As Sanders noted in the debate in Flint, on March 6th, when Hillary was First Lady she publicly supported NAFTA, while he “was on a picket line” protesting it. Today, both candidates oppose the agreement—and many other aspects of Bill Clinton’s record.
Did she actually change her mind because NAFTA has had such ruinous results, or is this a temporary move to align with public polling?
Lately, Hillary has sounded less like a Clinton Democrat and more like a Sanders Democrat. Since the campaign began, she has modernized her positions on trade, the economy, and criminal-justice reform.
"Sounds like." "Modernized." The consummate politician.

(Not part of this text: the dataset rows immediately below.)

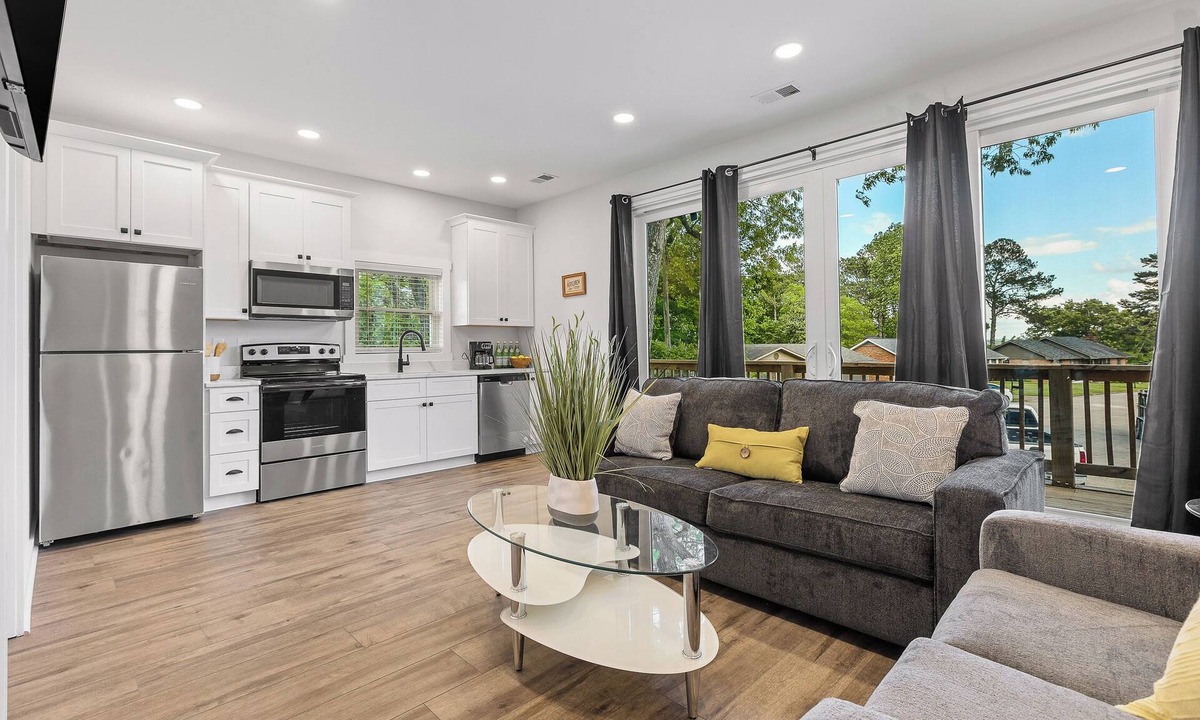 Lupton City House | Mountain View House minutes from Downtown Chattanooga, TN. Cul-de-sac location!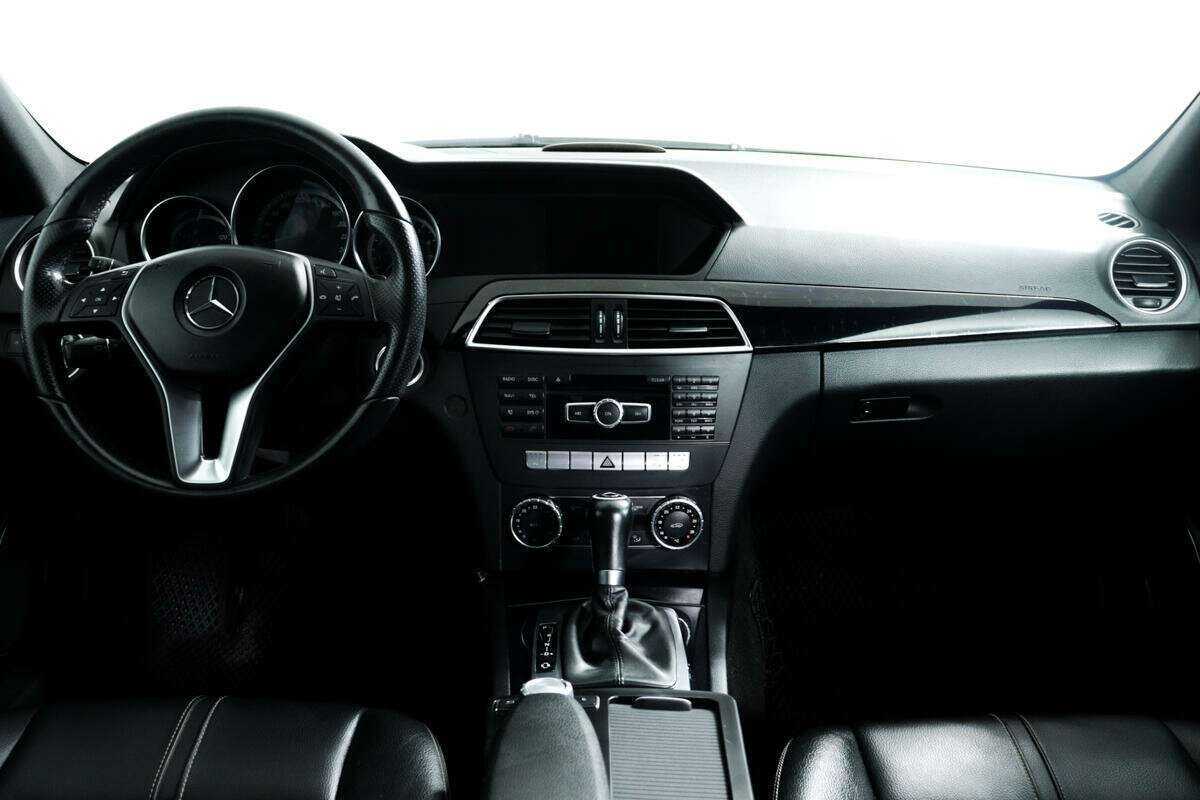 Mercedes-Benz C-Класс 2011 года с пробегом. Фото: #10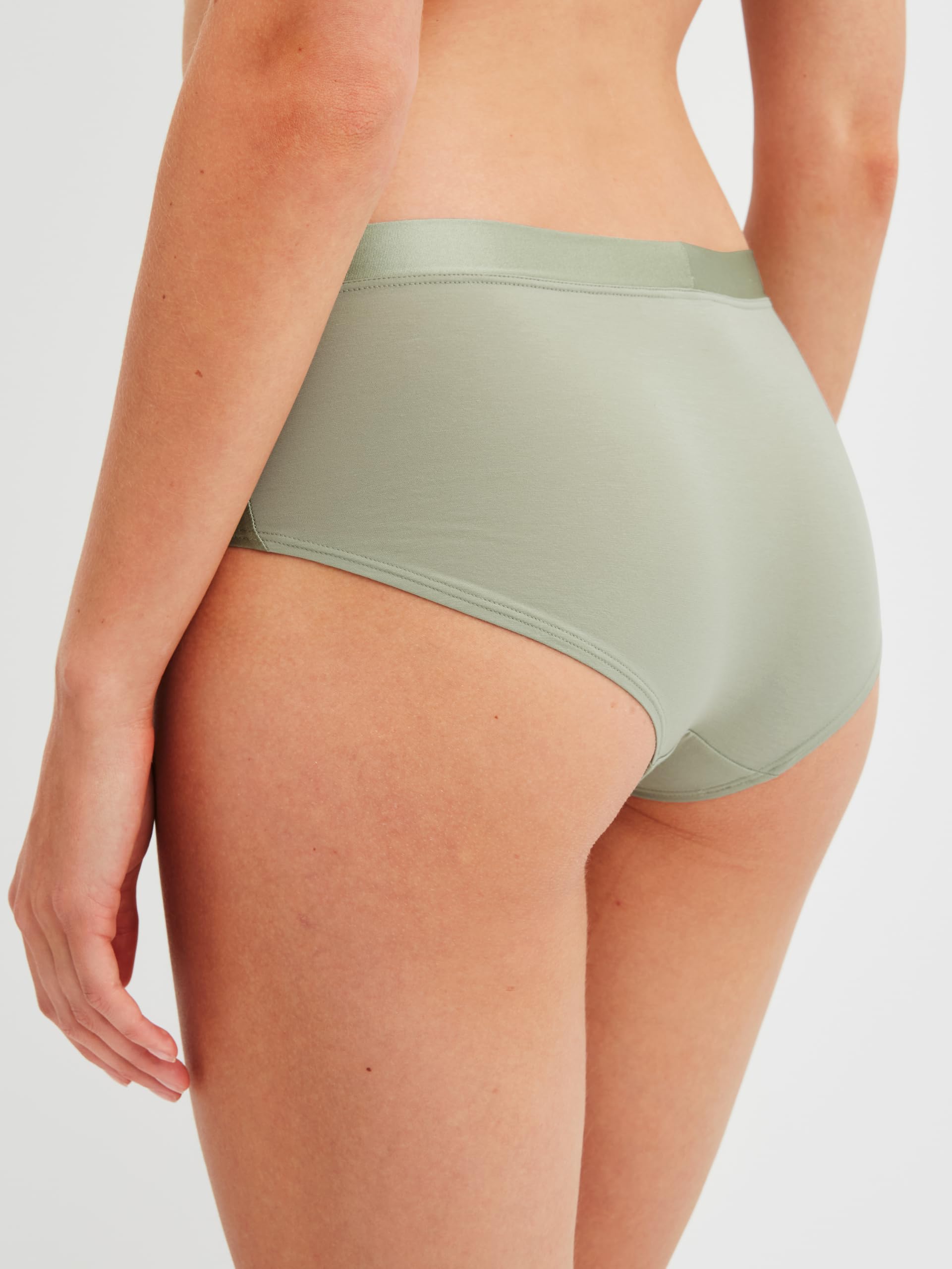 calida-cate-panty-low-cut-schwarz-satinblenden image 4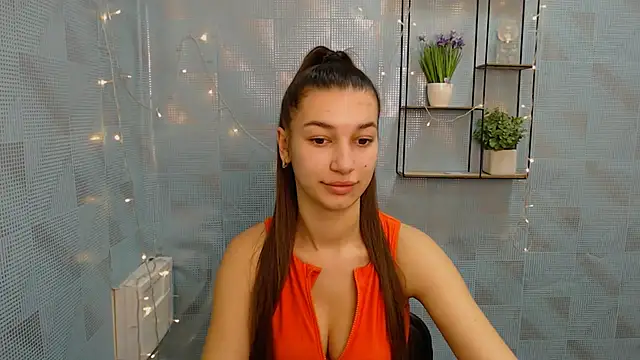 Snapshot of KarolinaRosse_ chatting on January 22, 2025, 7:03 am KarolinaRosse online show from January 22, 2025, 7:03 am
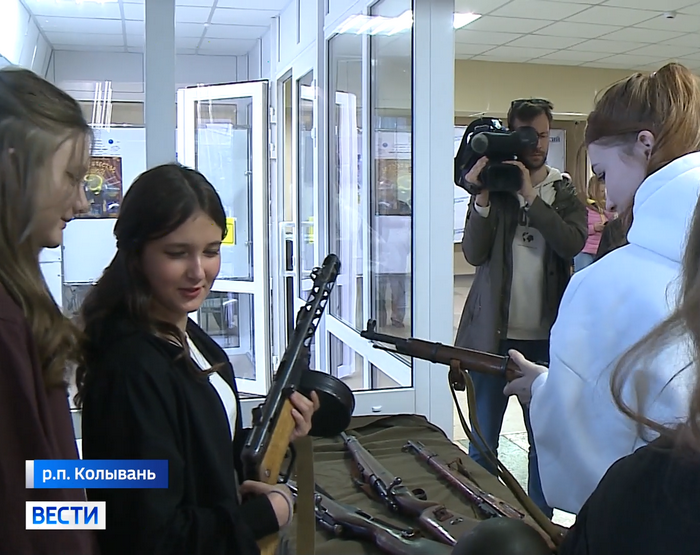 Девушки с оружием Девушки с оружием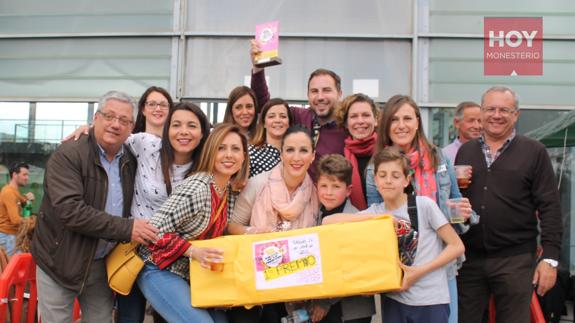 La peña ¡Eivaaaa! gana la V Fiesta de la Primavera con un arroz con presa ibérica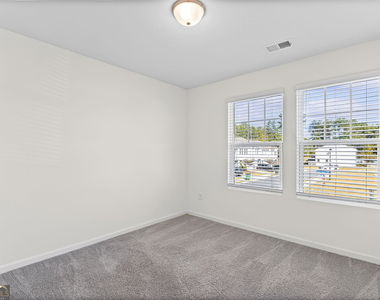 425 Union Station Street - Photo Thumbnail 21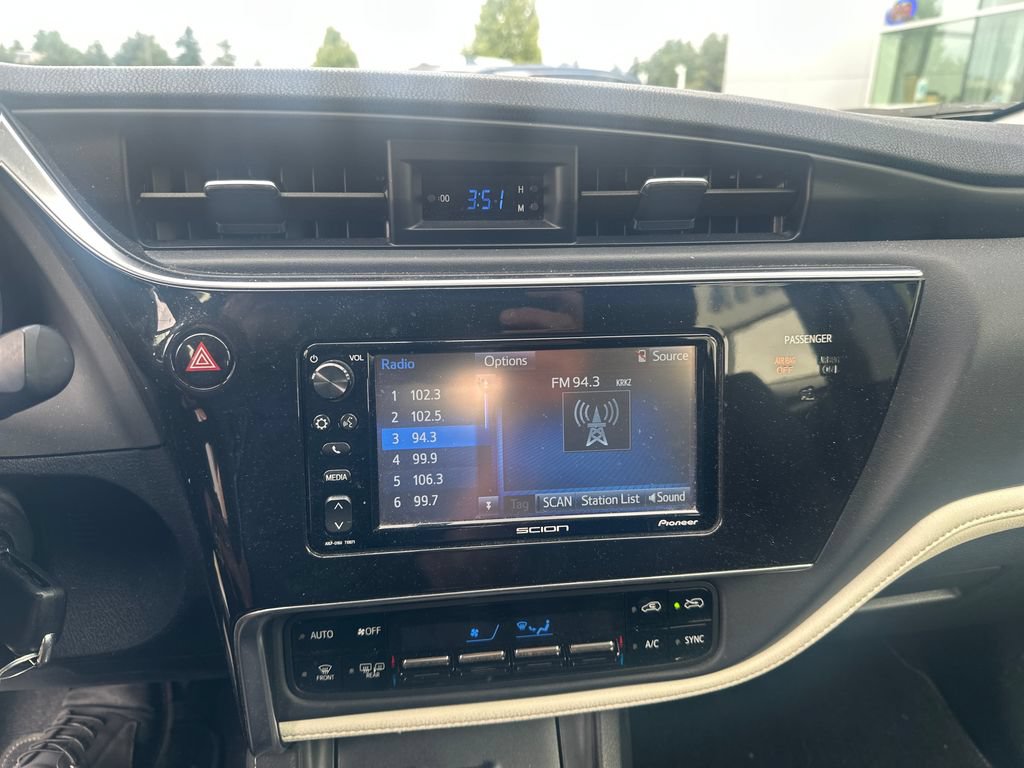 Used 2016 Scion iM FWD image 17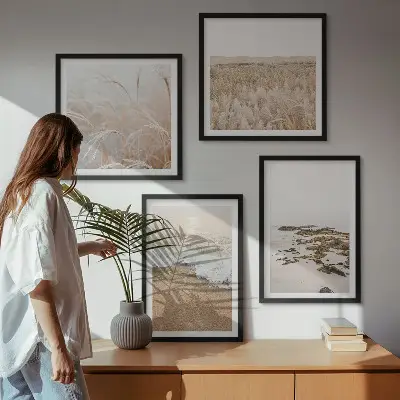 Set van posters met lijst strandgolven met stenen in de zomer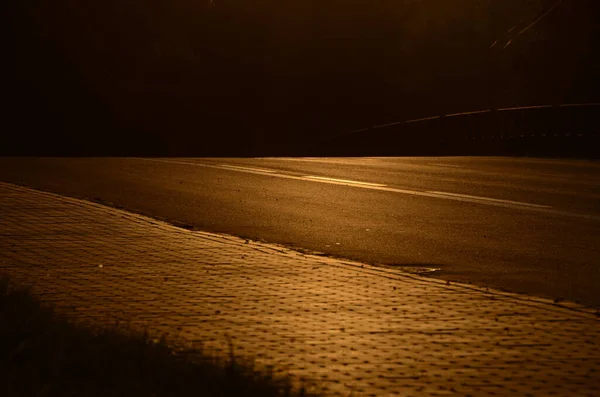 乌克兰基辅 都市大气概念 日落时的道路景观 — 图库照片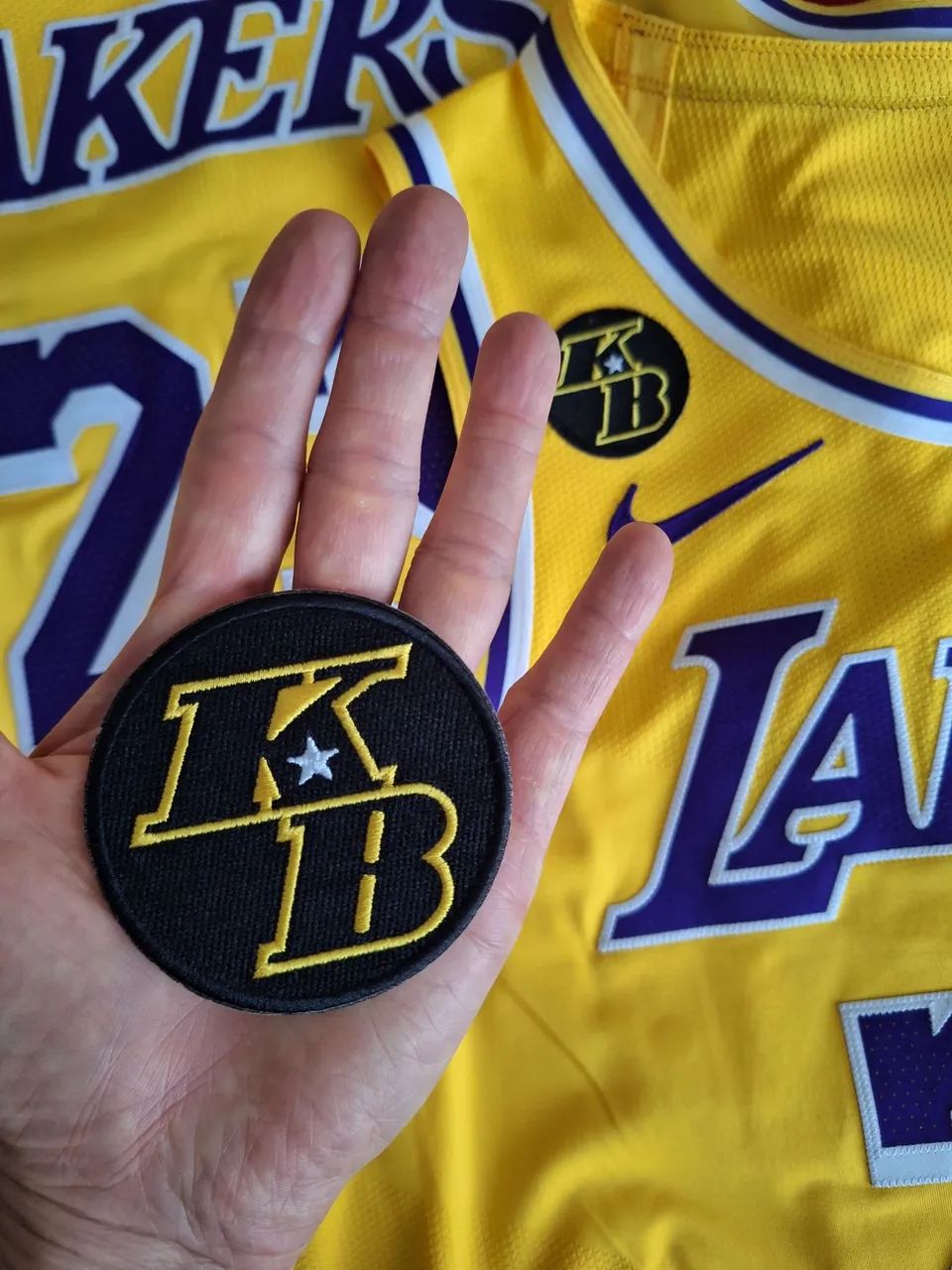 Kobe Bryant Memorial patch (bordado) temporada 2019-20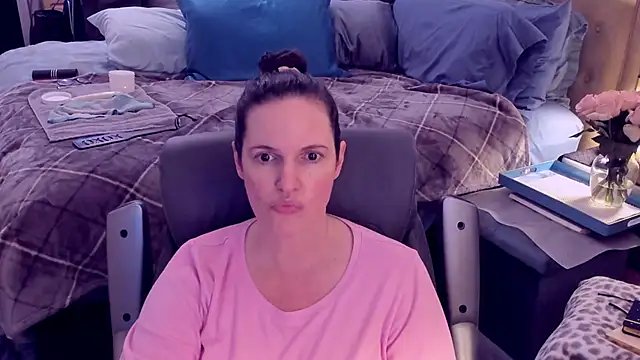 ninajaymes online show from January 27, 7:13 pm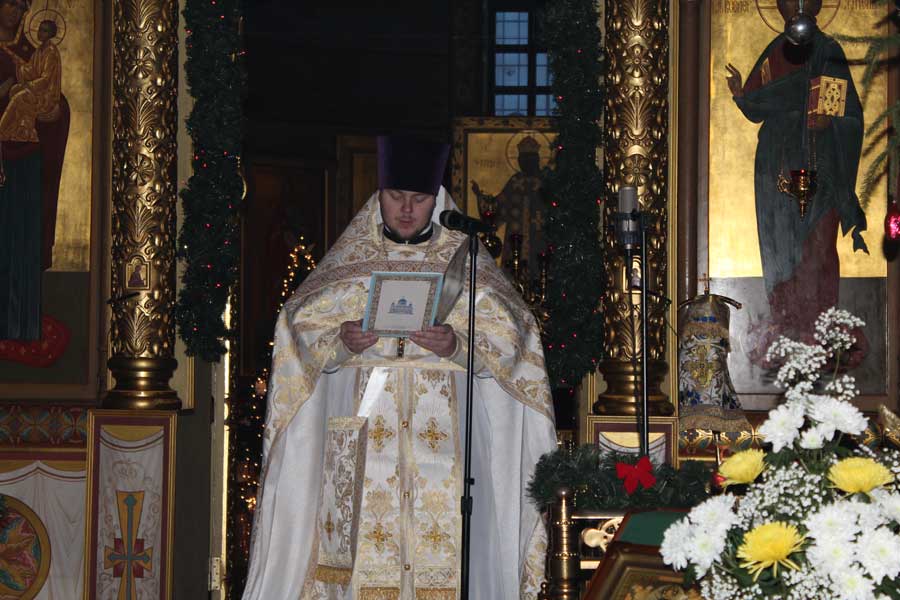 Архиерейские богослужения в Князь-Владимирском соборе 14 и 15 января 2017 года. 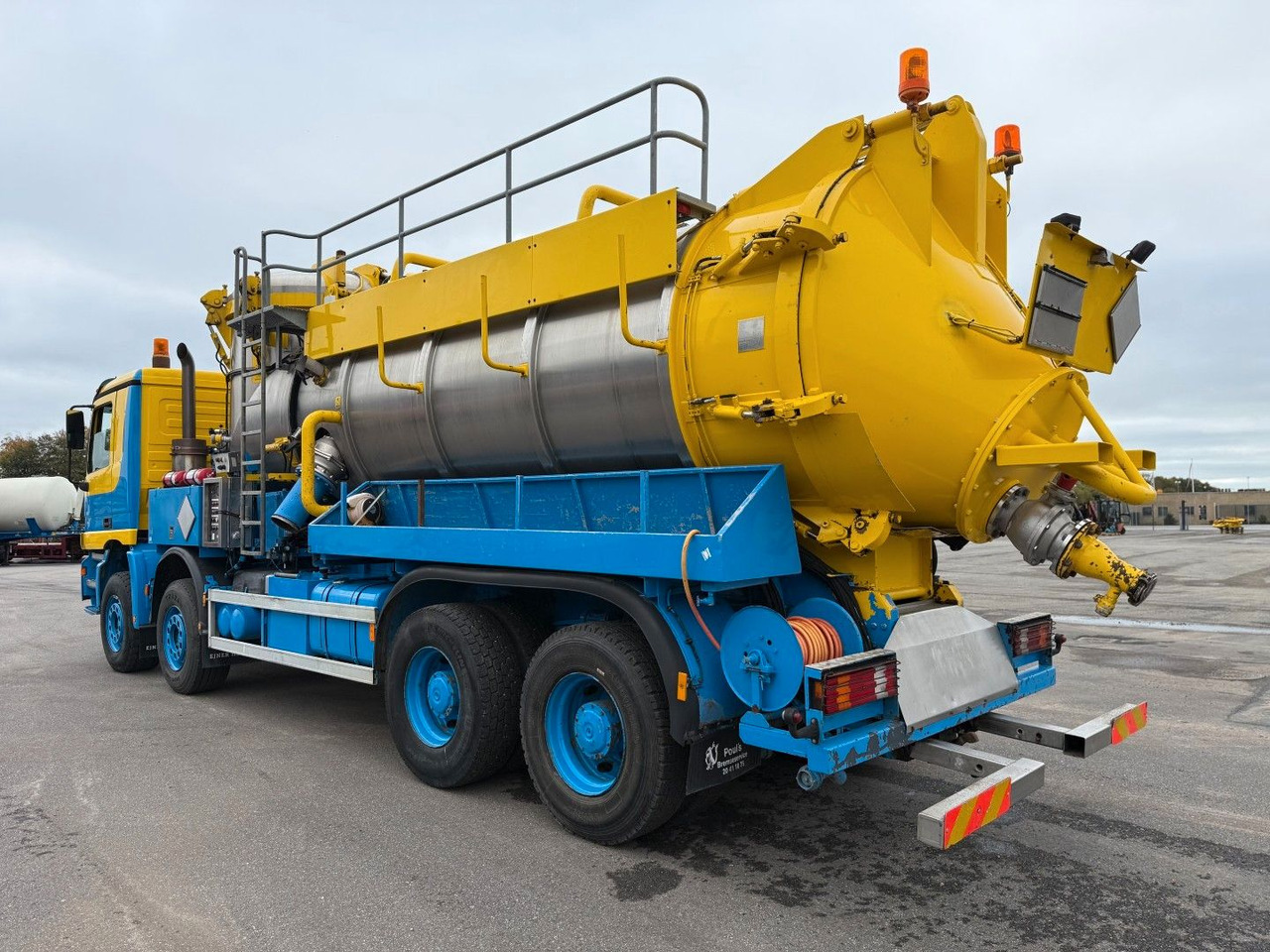 Mercedes-Benz Actros 4140 8x4 KOKS MEGAVAC 8000 ADR Dry Vac - Camion vidangeur: photos 4 Mercedes-Benz Actros 4140 8x4 KOKS MEGAVAC 8000 ADR Dry Vac - Camion vidangeur: photos 4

What do I have to say to get elected?
Sanders doesn’t buy the transformation. “It doesn’t matter what her policies are,” he told me last Tuesday, as he waited for the primary results from Michigan and Mississippi to come in. [...] Look, anybody can give any speech they want tomorrow—somebody writes you a great speech—but the day after you’re elected you say, ‘Well, you know, I talked to my Republican colleagues and they think this is not acceptable.’ ”
He's looking at YOU, Obama.
“We have two ‘change’ electorates,” Neera Tanden, a longtime adviser to Hillary and the president and C.E.O. of the Center for American Progress, told me. “One is just smaller than the other. The problem on the Democratic side is that the strong support for Barack Obama hid it from everybody.”
And by "everybody", she must mean everybody on Team Clinton. Occupy Wall Street was pretty noticeable.
Last year, [Senator Elizabeth Warren] called on the Democratic Presidential candidates to support a bill that would make it illegal for Wall Street firms to award golden parachutes to employees who leave to work for the federal government. Sanders expressed support for the legislation almost immediately; Hillary Clinton hesitated for weeks. The bill could affect any Clinton advisers who now work on Wall Street if they were to join a future Clinton Administration; Warren had in mind precisely this scenario. In late August, she met privately with Vice-President Joe Biden, as he considered entering the race. Reports of the meeting set off speculation about whether Warren might ultimately become Biden’s running mate. Days later, Clinton wrote an op-ed endorsing Warren’s bill.

[...]

Most notably, Clinton abandoned her support for the free-trade initiative known as the Trans-Pacific Partnership, which she negotiated as Secretary of State and once described as the “gold standard” of trade agreements.
Changed her tune under duress. Things done under duress don't often remain when pressure is no longer an issue.
Barney Frank said. “ [...] Hillary Clinton went from being somewhat pro-trade to being somewhat anti-trade. You can’t go back. You can change once; you can’t change twice.”
Hide and watch, Barney.
There are two reasons for Sanders to soldier on. One is to exact concessions, as Warren was able to do on legislation restricting Wall Street employees.
Doesn't sound like it was Warren's legislation, but rather the threat of Joe Biden entering the race with Warren as his running mate.
The other reason for Sanders to stay in the contest is one that most Democrats, even Sanders, are reluctant to discuss. Polls show that Clinton’s greatest vulnerability has to do with trustworthiness and character. She is navigating three federal investigations resulting from her handling of classified data while she was Secretary of State. However these turn out, it is unusual for a presumptive nominee and some of her current and former aides to be under investigation by the F.B.I.
Well, famously, there was Nixon. And I can't think of anyone who was under FBI investigation and didn't win. The unusual part is being under investigation, certainly. But the precedent is that the person wins.
“[Sanders] will come out of this with a prominent voice, with a committed e-mail list of people united around his issues,” Anita Dunn, who worked for Bill Bradley’s unsuccessful campaign against Al Gore, in 2000, and was one of Obama’s top strategists during the 2008 race and later in the White House, said. “That is the beginning of a potential movement, if he chooses to build on it. It’s not as though these issues are going to go away."

[...]

Ben Tulchin, Sanders’s pollster, told me that millennials support Sanders “because their generation is so fucked, for lack of a better word, unless they see dramatic change. What’s their experience been with capitalism? They have had two recessions, one really bad one. They have a mountain of student-loan debt. They’ve got really high health-care costs, and their job prospects are mediocre at best. So that’s capitalism for you.”

[...]

Through March 8th, Sanders won voters between seventeen and twenty-nine years old in thirteen of the fifteen states for which there were entrance or exit polls. In that age range, he beat Clinton by an average of sixty-seven per cent to thirty-two per cent. His biggest victory among this group, in his home state of Vermont, was ninety-five per cent to five per cent. Millennials supported Sanders even in Arkansas, where Clinton was First Lady.
So, there is hope, after all?

But, what about that mob of building burners with pitchforks following the current GOP favorite?  They're not just going to go away, either.